Gov. Deal vetoes guns on college campuses because it wouldn't make students safer

To the dismay of many in his party, Gov. Nathan Deal vetoed the controversial campus carry  bill today.

Our AJC ace political writer Greg Bluestein reports Deal went up against General Assembly leadership in refusing to sign House bill 859, which was opposed by higher education leaders in the state and many students and their parents.

“If the intent of HB 859 is to increase safety of students on college campuses, it is highly questionable that such would be the result,” Deal wrote in his veto message.

Some parents told me they would not allow their kids to attend colleges where they could sit next to classmates with guns. Here is the AJC story. It's a tough political position for the governor who is crossing the Legislature and pro-gun forces in Georgia with this veto.

Here is the statement of Hank Huckaby, Chancellor of the University System of Georgia, on the veto:

We sincerely appreciate Gov. Deal’s veto of House Bill 859. We recognize this was not an easy decision for the Governor to make.

The vast majority of our faculty, staff, parents and students are concerned about firearms on campus. As leaders of the University System of Georgia, we must provide the highest levels of safety and security to the 318,000 students we serve.

The Board of Regents, our 29 Presidents and campus police chiefs are fully committed to enhancing all aspects of our campus safety efforts across the university system. We look forward to presenting our campus safety report to the Governor, the Lieutenant Governor and the Speaker of the House by August 1, 2016.

Among those praising Deal’s decision is Ed L. Schrader, president of private, not-for-profit Brenau University in Gainesville.  Schrader was an early signer among the 350 U.S. college and university presidents of a 2012 open letter to lawmakers in Washington and around the country urging immediate action to curb gun violence and reform gun safety laws.

Here is his statement:

 I sincerely appreciate Gov. Deal's courageous leadership, good common sense and serious concern for the welfare of all members of our college communities, students and staff. I have been vocally opposed to this idea since the first time it reared its head several years ago.

Along with every other college and university president in Georgia, I have continued to communicate that opposition to our legislators with every iteration of guns-on-campus legislation that has come up year after year in spite of overwhelming opposition by the people in this state. Some of the bills have had a direct impact on private colleges and universities, but all have deleterious consequences for higher education in Georgia and the rest of the United States.

I was born and raised in Mississippi in a gun-owning and hunting family, and we shot things – just not people or bald eagles. I believe that on a college campus, where students sometime receive grades the do not appreciate, classrooms and firearms are not a good mix. Also, social events common to most colleges, and sporting events where feelings and alcohol consumption run high, are not conducive to a highly armed population of party goers. There are many, many other reasons to oppose this kind of ill-conceived, unnecessary and potentially dangerous legislation. The one most compelling, however, is that time and again police and sheriff professionals comment that students with guns are much more likely to be shot than unarmed pedestrians, and they are often shot with their own guns taken away by a would-be robber.

Back to original blog:

In the next few hours, Gov. Nathan Deal has to decide whether to allow guns on the campuses and in the classrooms of Georgia's public colleges.
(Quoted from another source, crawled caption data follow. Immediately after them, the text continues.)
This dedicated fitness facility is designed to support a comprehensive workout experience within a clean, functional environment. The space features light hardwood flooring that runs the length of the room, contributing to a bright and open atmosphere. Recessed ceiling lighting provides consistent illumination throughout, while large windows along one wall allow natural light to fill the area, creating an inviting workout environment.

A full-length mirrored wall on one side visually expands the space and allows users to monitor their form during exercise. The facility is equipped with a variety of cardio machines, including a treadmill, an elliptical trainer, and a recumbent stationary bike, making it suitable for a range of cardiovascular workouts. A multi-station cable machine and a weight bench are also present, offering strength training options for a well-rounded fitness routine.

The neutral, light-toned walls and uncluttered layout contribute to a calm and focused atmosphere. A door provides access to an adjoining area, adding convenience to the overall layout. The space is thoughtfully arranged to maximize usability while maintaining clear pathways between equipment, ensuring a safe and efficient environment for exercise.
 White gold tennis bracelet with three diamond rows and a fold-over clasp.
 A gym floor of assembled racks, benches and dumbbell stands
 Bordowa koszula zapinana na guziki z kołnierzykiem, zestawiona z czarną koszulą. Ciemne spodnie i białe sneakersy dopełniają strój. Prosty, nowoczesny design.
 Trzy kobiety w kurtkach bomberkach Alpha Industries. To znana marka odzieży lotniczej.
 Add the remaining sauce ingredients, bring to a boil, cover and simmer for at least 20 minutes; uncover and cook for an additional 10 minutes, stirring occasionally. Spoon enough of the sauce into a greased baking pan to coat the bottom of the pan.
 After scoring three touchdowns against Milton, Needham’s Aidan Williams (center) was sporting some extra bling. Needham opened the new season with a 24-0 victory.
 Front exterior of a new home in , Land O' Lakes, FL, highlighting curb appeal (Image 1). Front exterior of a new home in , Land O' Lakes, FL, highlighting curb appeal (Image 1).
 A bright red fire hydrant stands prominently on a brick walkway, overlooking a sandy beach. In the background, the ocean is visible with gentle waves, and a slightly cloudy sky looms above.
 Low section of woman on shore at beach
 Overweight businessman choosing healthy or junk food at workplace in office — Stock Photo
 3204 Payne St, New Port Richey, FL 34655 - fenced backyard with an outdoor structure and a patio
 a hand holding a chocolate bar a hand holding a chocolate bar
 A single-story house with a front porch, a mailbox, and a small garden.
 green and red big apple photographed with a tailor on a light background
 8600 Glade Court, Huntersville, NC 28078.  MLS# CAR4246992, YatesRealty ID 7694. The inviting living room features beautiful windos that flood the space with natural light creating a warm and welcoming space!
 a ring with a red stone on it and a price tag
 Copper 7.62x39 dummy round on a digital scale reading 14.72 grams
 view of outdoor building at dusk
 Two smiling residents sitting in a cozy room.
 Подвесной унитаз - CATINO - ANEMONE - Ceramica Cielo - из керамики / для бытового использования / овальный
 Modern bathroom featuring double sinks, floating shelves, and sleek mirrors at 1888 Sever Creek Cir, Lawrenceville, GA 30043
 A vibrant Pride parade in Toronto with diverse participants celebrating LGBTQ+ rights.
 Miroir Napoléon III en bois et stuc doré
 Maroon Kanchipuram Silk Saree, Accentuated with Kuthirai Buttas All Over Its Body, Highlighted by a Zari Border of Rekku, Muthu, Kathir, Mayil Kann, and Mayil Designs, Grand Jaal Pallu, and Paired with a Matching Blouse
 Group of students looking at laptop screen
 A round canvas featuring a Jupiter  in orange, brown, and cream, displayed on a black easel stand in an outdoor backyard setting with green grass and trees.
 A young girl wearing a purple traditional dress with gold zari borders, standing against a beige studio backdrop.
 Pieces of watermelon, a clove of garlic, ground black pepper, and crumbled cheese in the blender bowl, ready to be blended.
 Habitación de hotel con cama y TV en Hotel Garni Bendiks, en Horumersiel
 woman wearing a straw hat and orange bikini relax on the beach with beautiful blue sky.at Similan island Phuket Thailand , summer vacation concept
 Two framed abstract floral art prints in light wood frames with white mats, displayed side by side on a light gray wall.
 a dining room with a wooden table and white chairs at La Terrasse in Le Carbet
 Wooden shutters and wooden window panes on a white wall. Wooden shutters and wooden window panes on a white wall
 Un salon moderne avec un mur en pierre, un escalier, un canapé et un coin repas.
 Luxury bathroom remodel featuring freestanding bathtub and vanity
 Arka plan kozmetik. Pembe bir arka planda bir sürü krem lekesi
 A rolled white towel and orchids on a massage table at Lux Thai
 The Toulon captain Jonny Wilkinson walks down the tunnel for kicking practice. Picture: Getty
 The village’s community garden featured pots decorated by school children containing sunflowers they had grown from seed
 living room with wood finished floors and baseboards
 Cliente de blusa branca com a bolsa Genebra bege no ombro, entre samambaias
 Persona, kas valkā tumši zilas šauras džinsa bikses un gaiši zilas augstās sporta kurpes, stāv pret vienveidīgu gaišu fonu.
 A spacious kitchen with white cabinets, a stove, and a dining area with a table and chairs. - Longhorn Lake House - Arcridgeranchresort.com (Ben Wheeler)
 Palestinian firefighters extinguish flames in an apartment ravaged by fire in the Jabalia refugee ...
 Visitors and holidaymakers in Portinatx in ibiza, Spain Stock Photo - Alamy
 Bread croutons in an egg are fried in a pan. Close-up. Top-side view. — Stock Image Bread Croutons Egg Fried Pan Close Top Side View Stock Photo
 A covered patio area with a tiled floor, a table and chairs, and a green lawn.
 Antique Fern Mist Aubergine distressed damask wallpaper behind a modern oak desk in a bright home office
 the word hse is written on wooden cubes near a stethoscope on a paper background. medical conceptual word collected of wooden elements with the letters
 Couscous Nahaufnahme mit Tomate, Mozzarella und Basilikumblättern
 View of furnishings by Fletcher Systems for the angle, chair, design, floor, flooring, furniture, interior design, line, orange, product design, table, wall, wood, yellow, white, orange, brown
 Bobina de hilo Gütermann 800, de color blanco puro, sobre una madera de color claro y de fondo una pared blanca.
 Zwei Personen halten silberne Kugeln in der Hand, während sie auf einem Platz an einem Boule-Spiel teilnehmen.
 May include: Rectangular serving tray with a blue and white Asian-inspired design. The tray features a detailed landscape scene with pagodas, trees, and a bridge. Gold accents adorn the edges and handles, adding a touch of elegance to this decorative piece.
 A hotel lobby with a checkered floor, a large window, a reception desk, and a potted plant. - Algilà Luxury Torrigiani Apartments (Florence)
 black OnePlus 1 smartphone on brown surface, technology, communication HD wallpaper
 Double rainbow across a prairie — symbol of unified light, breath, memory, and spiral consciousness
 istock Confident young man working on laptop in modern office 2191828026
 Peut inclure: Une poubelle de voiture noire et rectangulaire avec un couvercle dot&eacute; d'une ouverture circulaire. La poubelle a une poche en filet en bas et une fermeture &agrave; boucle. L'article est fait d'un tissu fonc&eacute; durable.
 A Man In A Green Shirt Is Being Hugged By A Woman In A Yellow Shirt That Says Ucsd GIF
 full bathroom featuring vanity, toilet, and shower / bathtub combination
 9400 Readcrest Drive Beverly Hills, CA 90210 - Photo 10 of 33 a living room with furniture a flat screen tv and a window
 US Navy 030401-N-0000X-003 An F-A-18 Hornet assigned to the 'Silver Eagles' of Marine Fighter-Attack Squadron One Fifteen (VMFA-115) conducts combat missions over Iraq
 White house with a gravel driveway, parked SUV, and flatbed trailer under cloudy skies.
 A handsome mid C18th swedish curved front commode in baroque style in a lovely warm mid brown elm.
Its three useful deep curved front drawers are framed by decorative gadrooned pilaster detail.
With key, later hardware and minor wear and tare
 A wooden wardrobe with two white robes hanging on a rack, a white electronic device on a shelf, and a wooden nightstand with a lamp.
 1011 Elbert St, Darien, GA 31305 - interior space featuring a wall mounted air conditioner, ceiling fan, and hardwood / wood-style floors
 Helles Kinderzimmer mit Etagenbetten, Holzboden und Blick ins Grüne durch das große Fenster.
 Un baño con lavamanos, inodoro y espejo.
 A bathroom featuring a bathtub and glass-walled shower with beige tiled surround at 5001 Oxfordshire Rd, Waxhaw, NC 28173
After the campus carry bill won easy victory in the General Assembly, Deal asked the Legislature to make common sense changes: amend House Bill 859 to ban guns from on-campus child care centers, faculty and administrative office space and disciplinary meetings.

House Speaker David Ralston and other leaders refused. The bill exempts dorms, frats and sporting events. So, fans and football players at games need to be safeguarded from firearms but 2-year-olds in campus day cares do not?

Deal has already angered conservatives with his veto of the religious liberty bill. So, the question is whether he will risk further alienation of an important GOP voting bloc.

Deal told the AJC:  “There’s no easy option."

The governor ought to have amended that statement to say, "There's no easy political option." Because this is a political battle, not a public safety one.

As the Campaign to Keep Guns Off Campus notes:

While mass shootings such as those that occurred at Virginia Tech and Northern Illinois University attract national attention, the fact is that in the universe of gun violence, America's colleges and universities are among the safest environments for students. Much safer than the communities that surround them. A U.S. Justice Department study found that 93% of violence against college students aged 18 to 24 occurs off campus . This statistic is due in no small part to the fact that virtually all colleges and universities prohibit or severely restrict firearm possession on campus.

Because Deal is a father and grandfather, I think he'll veto the campus carry. Across the state, faculty, students and parents are pleading with him to do so. And they are the Georgians who will have to live with the governor's decision, not the legislators seeking to placate the pro-guns-everywhere lobby.

What's your prediction -- veto or not?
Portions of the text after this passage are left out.